Rencana aksi itu mendapat dukungan penuh dari Menteri Perdagangan Indonesia, Gita Wirjawan. Mantan kepala Badan Penanaman Koordinasi Penanaman Modal (BKPM) itu bilang, hasil pertemuan ITRC itu mengatur tentang adanya kebijakan implementasi dari Agreed Export Tonnage Scheme (AETS) dan Supply Management Scheme (SMS).
Menurut Gita, asal muasal penurunan harga karet alam bersumber dari perlambatan pertumbuhan ekonomi di China dan Jepang, serta pertumbuhan ekonomi yang negatif pada triwulan ke-2 di kawasan Uni Eropa. Perlambatan ekonomi inilah yang mempengaruhi permintaan karet alam dari anggota ITRC.
Permintaan yang lemah itu membuat harga karet alam terseok hingga menyentuh harga US$ 279,52 per kilogram (kg) pada pertengahan Agustus. Harga tersebut menurun jauh dibandingkan harga tertinggi yang pernah dicapai selama tahun 2012, yaitu pada 12 Maret senilai US$ 387,93 per kg.

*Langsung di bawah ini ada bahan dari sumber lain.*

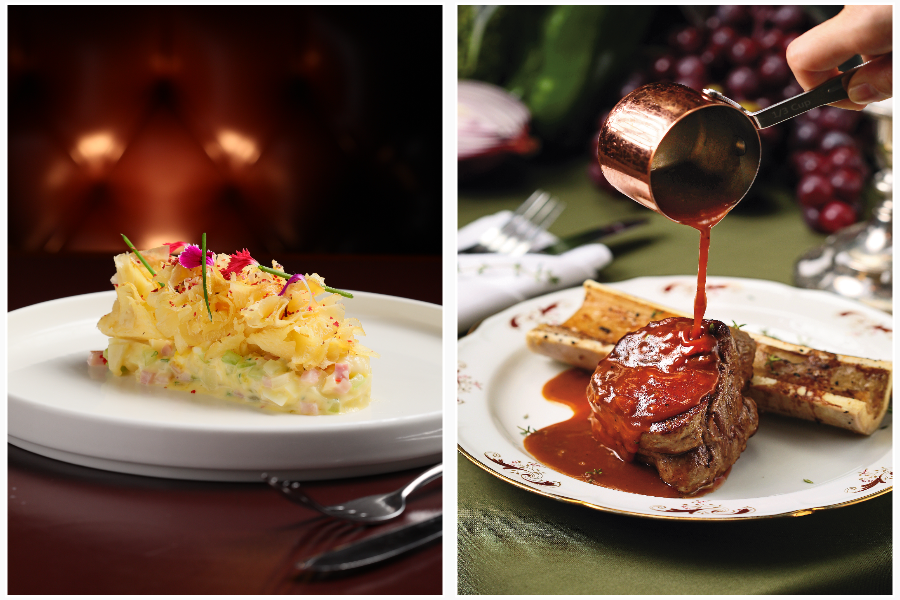 台北亞都麗緻「巴賽麗廳La Brasserie」（左，帕蒙蒂耶沙拉、僧侶頭乳酪花）與法式餐酒館「BeApe」（右，炙烤牛骨髓‧琥珀醬菲力牛排）各自端出經典法式傳統菜色，在台北餐飲圈掀起一股反璞歸真的潮流。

Dengan kebijakan AETS dan SMS secara bersama, anggota ITRC berharap harga karet alam kembali terdongkrak naik. “Langkah ini diharapkan akan menyeimbangkan kembali suplai dan permintaan dunia akan karet alam yang dihasilkan ketiga negara, sehingga petani karet mendapatkan remunerasi yang lebih seimbang antara biaya produksi dan harga jual,” kata Gita.
Implementasi dari AETS dan SMS rencananya akan dimonitor penuh oleh ITRC Monitoring and Surveillance Committee.
Perlu diketahui, implementasi AETS adalah, kebijakan berupa pengetatan atau pengurangan pasokan karet alam ke pasar dunia saat terjadi kelebihan pasokan saat permintaan sedikit. Sementara SMS adalah, pengendalian produksi karet di tingkat hulu atau di perkebunan untuk jangka panjang melewati peremajaan, diversifikasi kebun, peningkatan konsumsi di dalam negeri dan tidak membuka lahan perkebunan baru.